[Crawled caption data]
------------

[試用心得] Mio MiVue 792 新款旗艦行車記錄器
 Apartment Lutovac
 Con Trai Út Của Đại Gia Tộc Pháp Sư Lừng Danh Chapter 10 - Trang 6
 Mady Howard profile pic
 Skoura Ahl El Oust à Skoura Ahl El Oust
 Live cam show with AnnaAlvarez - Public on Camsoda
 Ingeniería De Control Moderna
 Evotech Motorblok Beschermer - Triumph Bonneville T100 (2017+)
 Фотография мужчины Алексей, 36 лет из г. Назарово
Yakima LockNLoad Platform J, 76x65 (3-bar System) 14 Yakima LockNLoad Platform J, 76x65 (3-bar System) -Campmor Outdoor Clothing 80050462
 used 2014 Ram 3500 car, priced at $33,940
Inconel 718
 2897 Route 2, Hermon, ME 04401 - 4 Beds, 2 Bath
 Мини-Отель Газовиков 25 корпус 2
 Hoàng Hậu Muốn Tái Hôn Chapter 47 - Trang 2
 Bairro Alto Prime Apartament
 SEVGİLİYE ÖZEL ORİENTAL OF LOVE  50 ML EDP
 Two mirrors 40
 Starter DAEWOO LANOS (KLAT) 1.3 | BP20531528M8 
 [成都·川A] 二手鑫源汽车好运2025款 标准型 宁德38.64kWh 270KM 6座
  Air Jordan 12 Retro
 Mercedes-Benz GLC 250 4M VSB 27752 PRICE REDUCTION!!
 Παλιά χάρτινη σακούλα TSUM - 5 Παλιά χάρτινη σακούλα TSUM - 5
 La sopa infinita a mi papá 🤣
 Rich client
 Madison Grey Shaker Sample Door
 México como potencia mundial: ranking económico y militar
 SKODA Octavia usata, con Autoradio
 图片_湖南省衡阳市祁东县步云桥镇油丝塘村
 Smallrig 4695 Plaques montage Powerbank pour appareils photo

------------

What is expected: Each line in the data that holds the string "Chapter" must be returned.

Exercise output:
 Con Trai Út Của Đại Gia Tộc Pháp Sư Lừng Danh Chapter 10 - Trang 6
 Hoàng Hậu Muốn Tái Hôn Chapter 47 - Trang 2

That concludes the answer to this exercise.